Figure 1. Athletes studying a climbing route before climbing it. Note the overt hand movements.

The simulation they build might include both information on specific affordances, i.e. the characteristics of the holds (shape, orientation, etc.), and information on their displacement, i.e. the way they are arranged on the wall. Given that routes involve multiple climbing holds, clearly any simulation of a part of the route changes the way the rest of the route is perceived. For example, simulating grasping a certain hold with the right hand makes some other holds affordable to be grasped with the left hand, and some other holds out of reach; see fig. 2. At the same time, the need of reaching a certain ‘goal’ hold determine which holds are affordances retrospectively, and disrupts the affordances of some holds (e.g., far holds) in the climbing wall. For all these reasons, motor simulation in rock climbing should be considered an affordance calculus rather than a response to a sequence of individual affordances.

Crucially, the motor competence of climbers also determines what constitutes an affordance. Experienced climbers can hold small holds that are difficult for weak climbers to grasp, and can simulate sequences of actions that are too complex to be picked up by novice climbers, much like how expert chess players ‘see’ complex strategies. We hypothesize that the proficiency of expert climbers allow them to climb better the routes also by understand them better, where understanding should be intended as proficiency in the affordance calculus and in the associated building of appropriate mental simulations before climbing.

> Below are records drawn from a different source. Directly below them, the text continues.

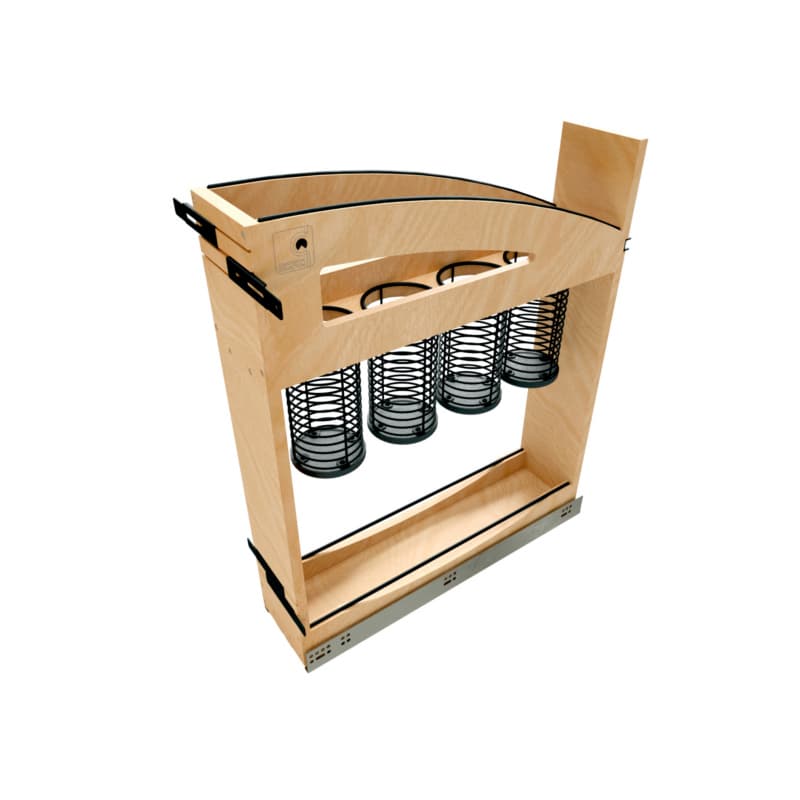 Rev-A-Shelf 448UT Craftsman Maple 5.94" 4-Bin 2-Shelf Base Cabinet Utensil Pullout Organizer with Soft-Close Slides, 448UTCC-BCSC-5MB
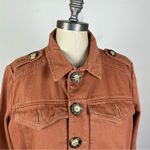 Free People  Denim Slouchy Eisenhower Jacket in Terracotta Photo 3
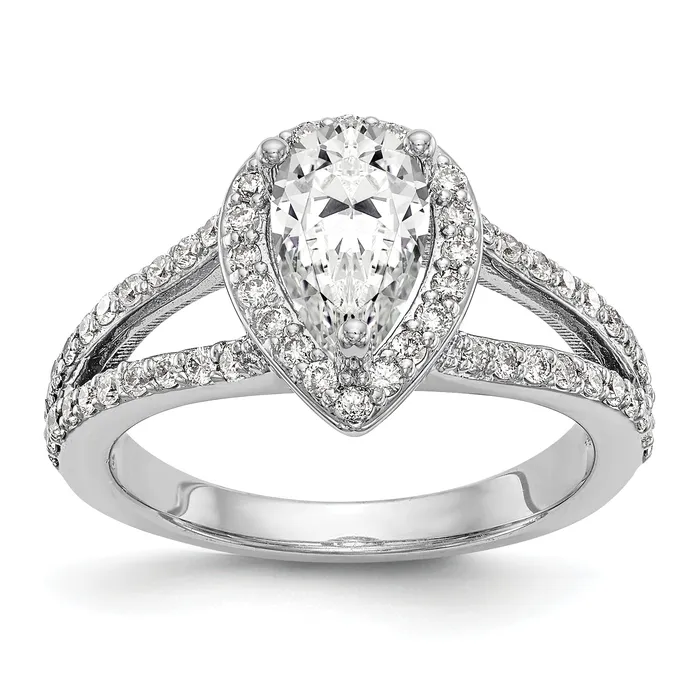 14K White Gold Diamond Pear CZ Pear Halo Engagement Ring Goldiacom Rings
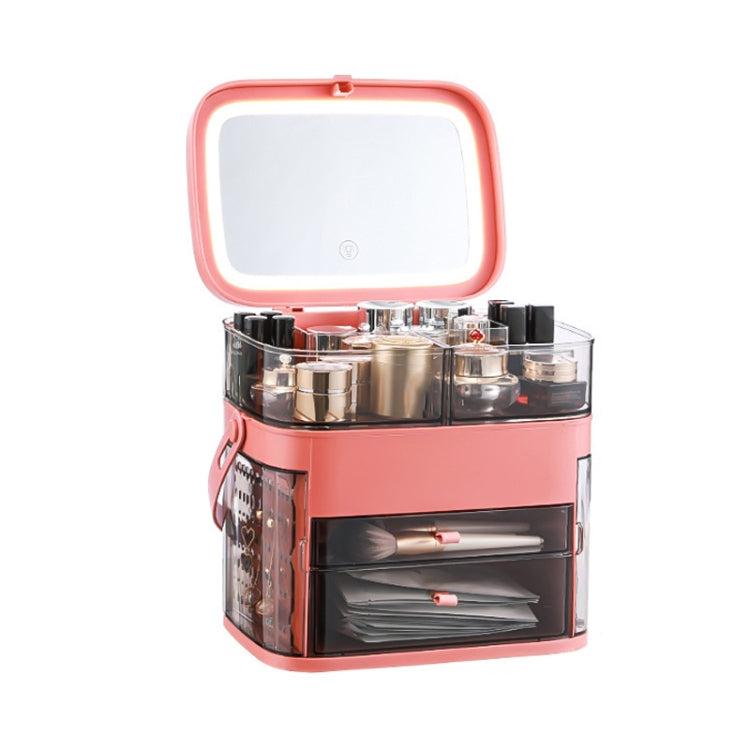 1003 Cosmetic Storage Box Desktop Dust-Proof Skin Care Products Large-Capacity Rack, Specification: Mirror Style (Coral Red)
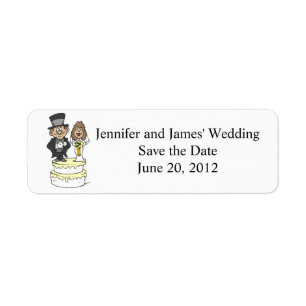 Hochzeitskuchen-Clipart-Rücksendeadressen-Aufklebe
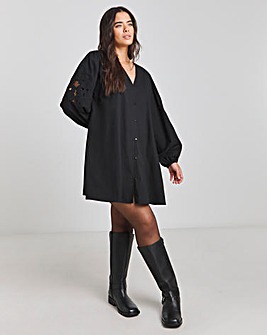 Black Embroidered Collar Detail Shirt Dress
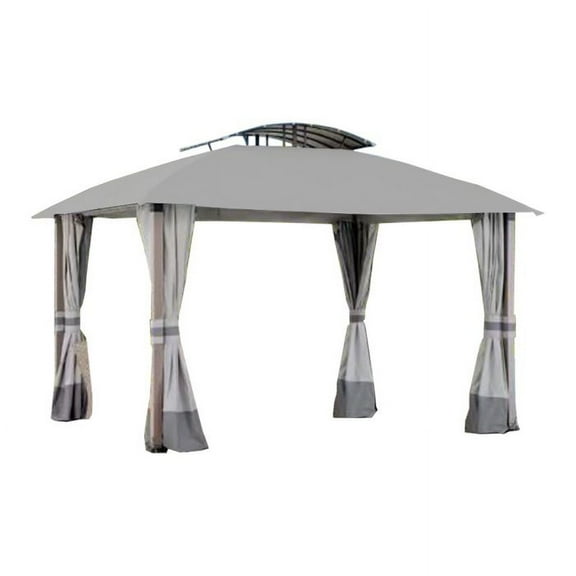 Garden Winds Custom Fit Replacement Canopy Top Cover Compatible with The Fremont A101018900 11' x 13' Soft Top Gazebo - Upgraded Performance RipLock 350 Fabric - Slate Gray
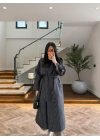 LACİVERT EKOSE KUŞAKLI UZUN TRENÇ -7801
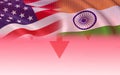 USA and India Trade war economy export United States of America Royalty Free Stock Photo
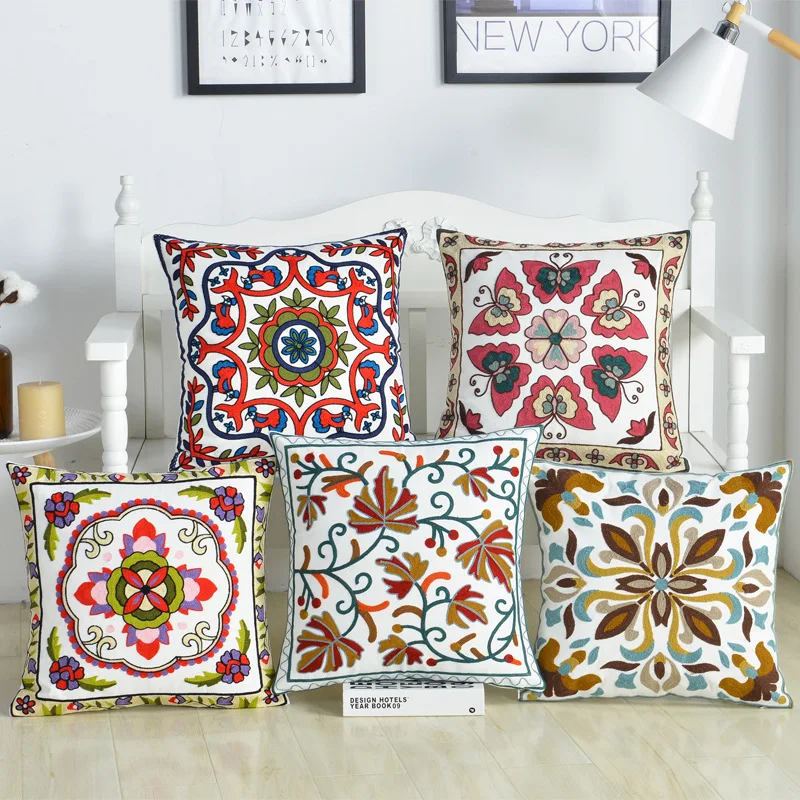 

Декоративный чехол для диванной подушки, с цветочной вышивкой и бабочками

Figure 2. A sample sequence of movements in rock climbing. Notice that (i) climbing holds afford different grips, and (ii) the way holds can be grasped depend on which holds were grasped before (and how) as well as which holds the climber intends to reach.

Aims and objectives of the study Our study addresses the role multiple affordances play in the recall of routes by rock climbers with different level of expertise. An open issue in this field pertains to the extent to which affordances are elicited automatically, upon seeing objects, or are activated when a specific action goal is pursued. In addition, studying recall in expert and novice climbers can contribute by showing to what extent the activation of affordances is modulated by observers’ experience and competence. Finally, we still know very little on how affordances improve recall. Acquired motor skills offer a unique way to test this question. Here, novice and expert climbers were asked to observe and recall the position of holds of 3 routes that they never climbed: an easy route (ER), a difficult route (DR), and a (motorically) impossible but perceptually salient route (IPSR). Predictions were that their performances would not differ for the ER, because both groups would be able to perform a motor simulation, and for the IPSR route, when for both it was impossible to form a motor simulation of climbing. If this were true, this would demonstrate that the simulation formed is a motor one, and would be activated only when participants have the motor competence necessary to perform the sequence of actions. Accordingly, the performance of experts should overcome that of nonexperts in the DR, when the actions required climbing the route they are shown are part of their motor repertoire.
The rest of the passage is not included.